Pria itu tidak mengucapkan sepatah kata pun. Ia hanya menatap Kirana, alisnya sedikit terangkat, menunggu.

Keheningan itu terasa lebih berat daripada penolakan verbal mana pun. Semua kalimat pembuka yang telah Kirana siapkan di kepalanya mendadak menguap tanpa sisa. Kemampuannya merangkai kata, aset terbesarnya, seolah lumpuh di hadapan pria ini.

"Selamat siang," akhirnya Kirana berhasil bersuara, sedikit lebih serak dari yang ia inginkan. "Saya Kirana Diandra dari podcast Suara Kita. Saya..."

"Saya tidak tertarik," potong pria itu. Suaranya rendah, tenang, namun final. Seperti batu yang jatuh ke dasar sumur yang dalam. Tidak ada amarah, tidak ada kejengkelan, hanya sebuah pernyataan fakta yang tak terbantahkan.

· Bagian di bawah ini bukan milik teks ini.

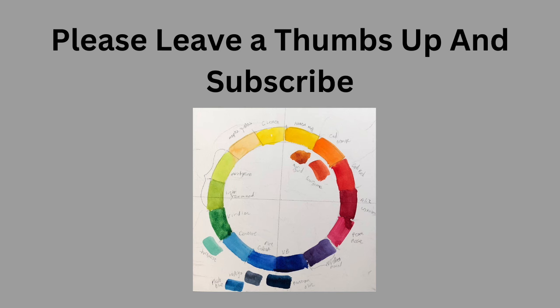Please leave me a thumbs up and subscribe — we love to subscribe, it makes me happy. All right, so let's take a look.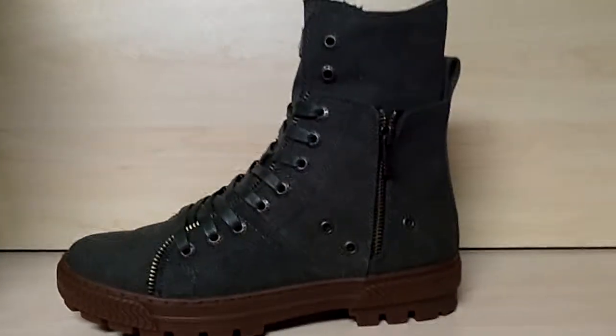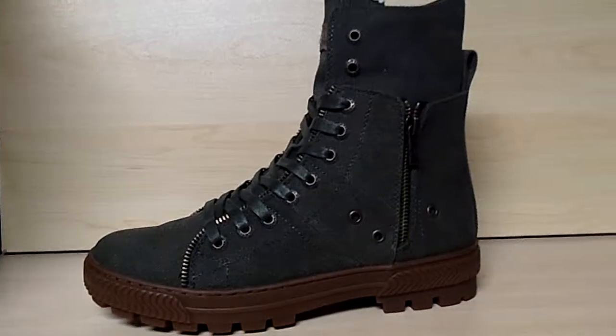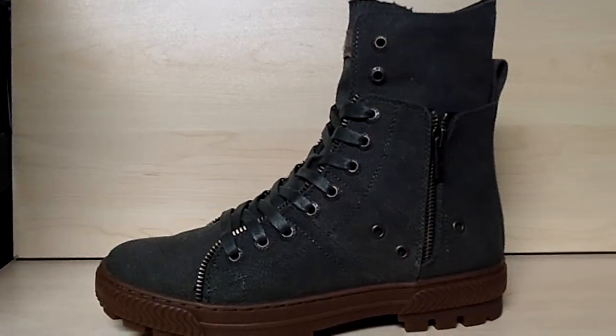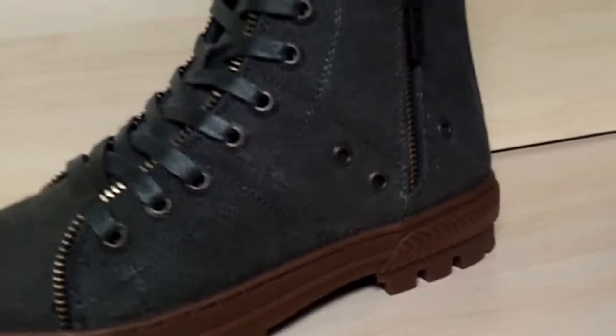Welcome to Selling Clothes. This is a man's shoe. It's made by Levi's. The color is olive. It has zippers on the side, as well as right here in the front.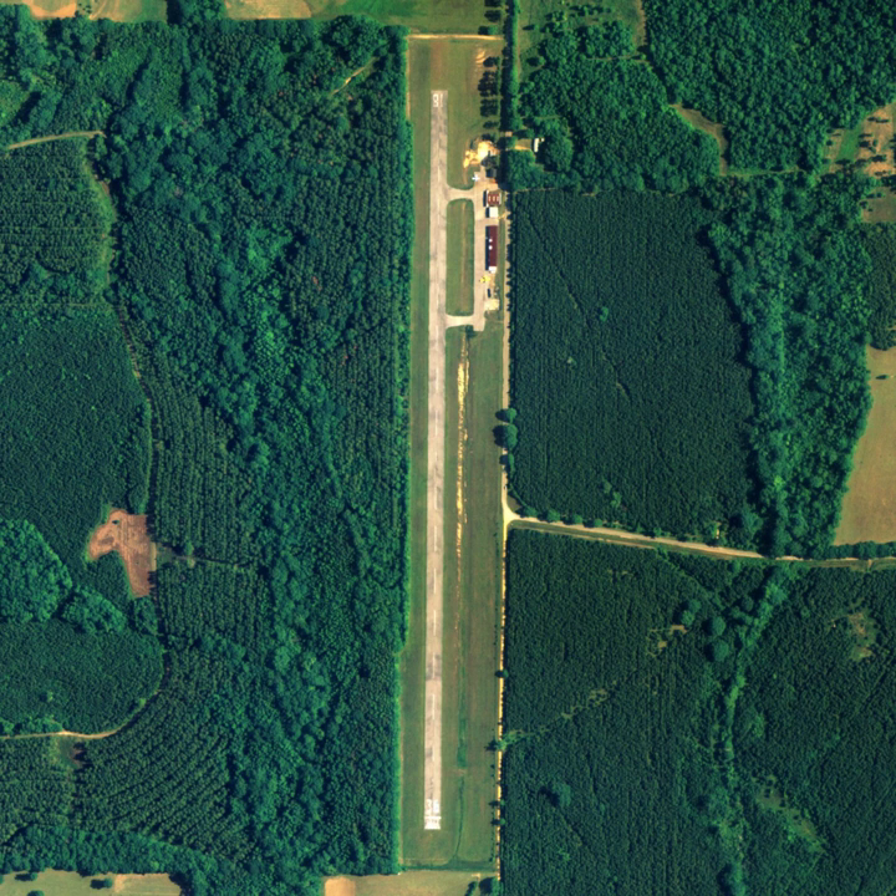Greensboro Municipal Airport is a city-owned public-use airport located three nautical miles southwest of the Central Business District of Greensboro, a city in Hale County, Alabama, United States. This airport is included in the FAA's National Plan of Integrated Airport Systems for 2011–2015 and 2009–2013, both of which categorized it as a General Aviation Facility.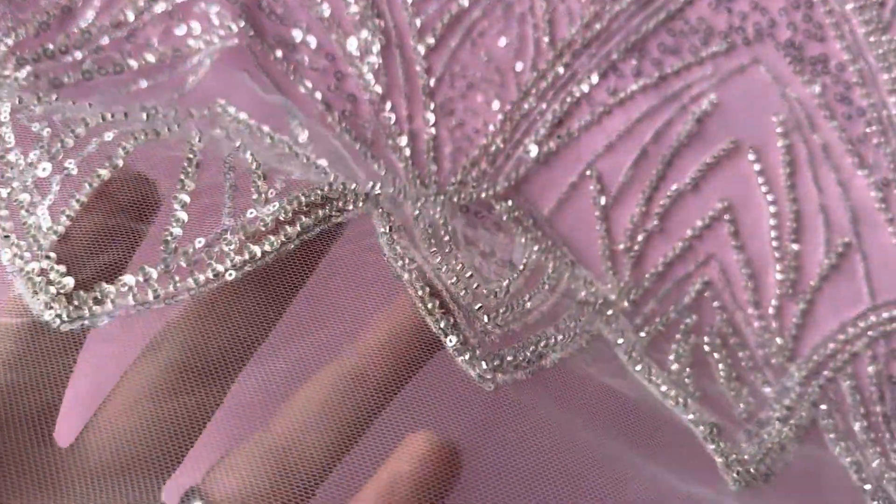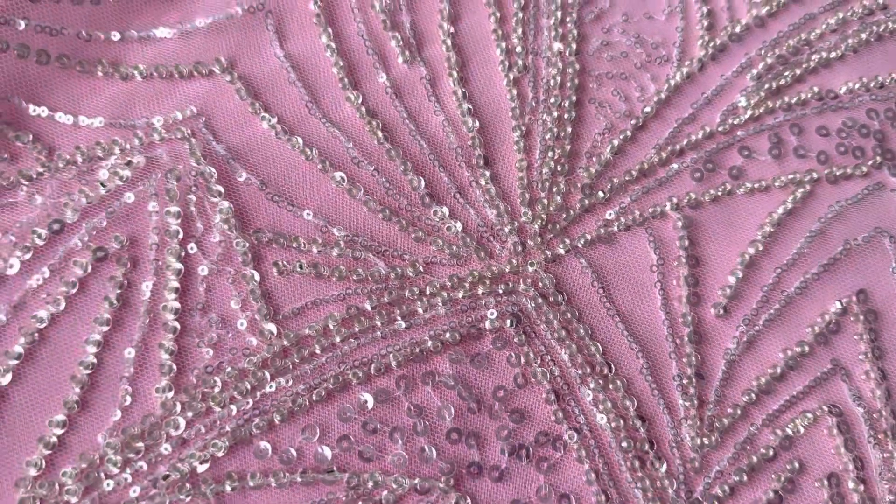I'll just put it on this pink base so you can see the contrast, but of course normally it would sit on an ivory base. Got a lovely soft drape, luxurious and decadent.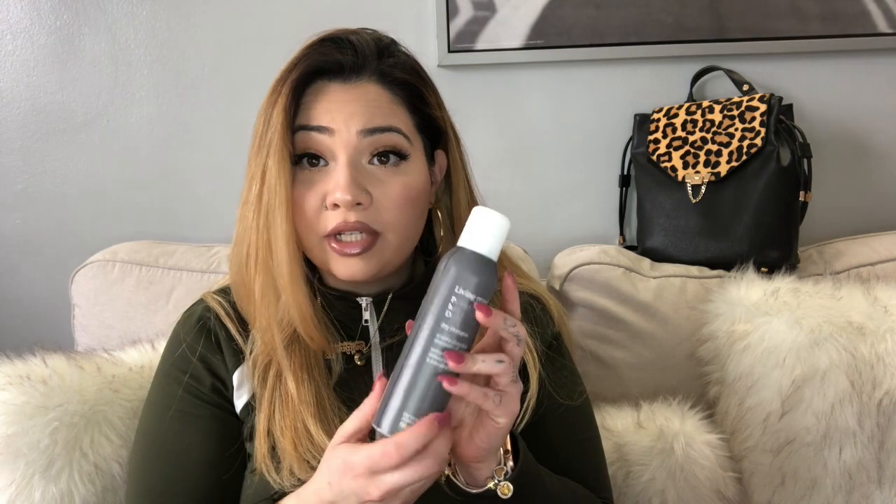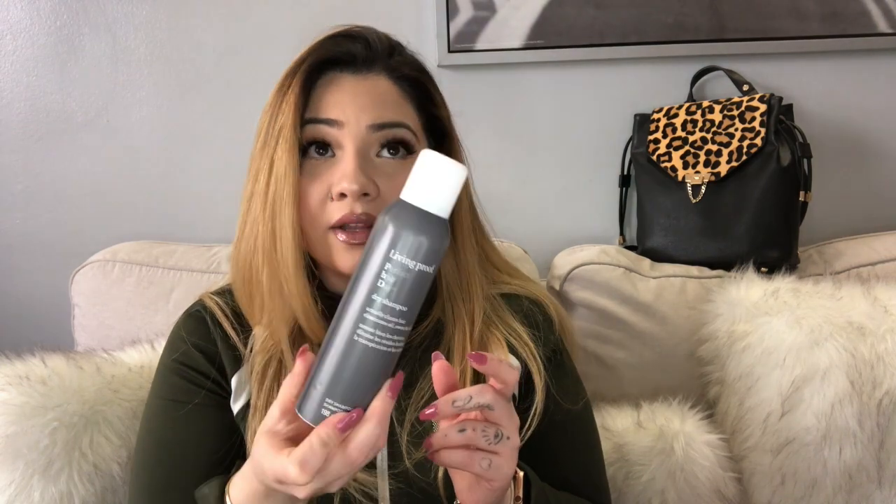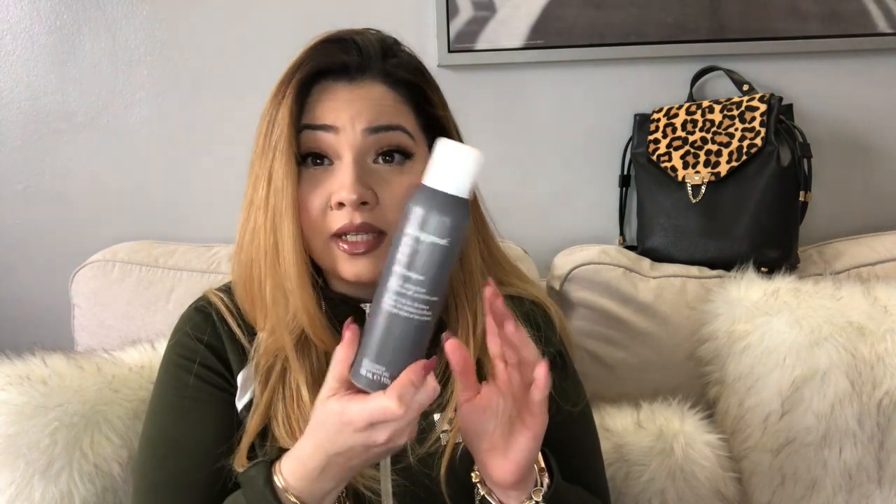I have two more Living Proof products. One is their dry shampoo — I love this one. It smells really good, doesn't leave residue, grabs the oil in my hair, and leaves it smelling and looking good with great volume. This is probably my fifth bottle and I'm almost out. I've tried other dry shampoos but they either left residue, had a smell I didn't like, or made my hair feel heavy. This one makes me feel like I'm not even wearing dry shampoo.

Pintu mulai bergerak untuk menutup.

Panik, Kirana bertindak berdasarkan insting. "T-tunggu! Saya tahu Anda sibuk, tapi saya hanya butuh lima belas menit. Saya tidak akan bertanya hal-hal yang membosankan. Saya ingin bertanya tentang cerita di balik aroma. Seperti... aroma di tempat ini. Ada bau hujan, kayu, dan... teh melati? Bagaimana bisa tiga hal yang berbeda menyatu dengan begitu harmonis?"

Untuk sepersekian detik, Kirana melihat sesuatu berkedip di mata pria itu. Bukan ketertarikan, mungkin lebih seperti keterkejutan sesaat karena analisisnya yang spontan. Namun, kedipan itu hilang secepat datangnya.

"Anda membuang-buang waktu Anda," ujarnya, masih dengan nada datar yang sama.

Dan kemudian, pintu itu tertutup dengan bunyi 'klik' yang pelan namun terasa memekakkan telinga. Grendel kembali dipasang dari dalam.

Kirana berdiri mematung di depan pintu kayu yang kini kembali bisu. Penolakan itu begitu mutlak, begitu tenang, hingga terasa lebih menyakitkan daripada diusir dengan teriakan. Aroma yang tadi sempat menyambutnya kini telah lenyap, hanya menyisakan bau aspal dan dedaunan kering di jalanan yang sepi.

Ia merasa kalah. Namun, saat ia berbalik untuk pergi, sisa-sisa aroma unik itu seolah masih menempel di ujung indra penciumannya. Misterius, kompleks, dan sangat indah.

Sebuah senyum kecil yang getir terukir di bibir Kirana. Pak Bima benar. Pria ini adalah sebuah benteng. Tapi Kirana juga baru saja menemukan sebuah celah kecil di temboknya. Bukan untuk didobrak, melainkan untuk dipelajari.

Tugas ini bukan lagi sekadar proyek untuk kariernya. Kini, ini menjadi urusan pribadi. Urusan antara seorang wanita yang hidup dari kata-kata dan seorang pria yang berbicara melalui aroma. Dan Kirana Diandra tidak pernah lari dari tantangan.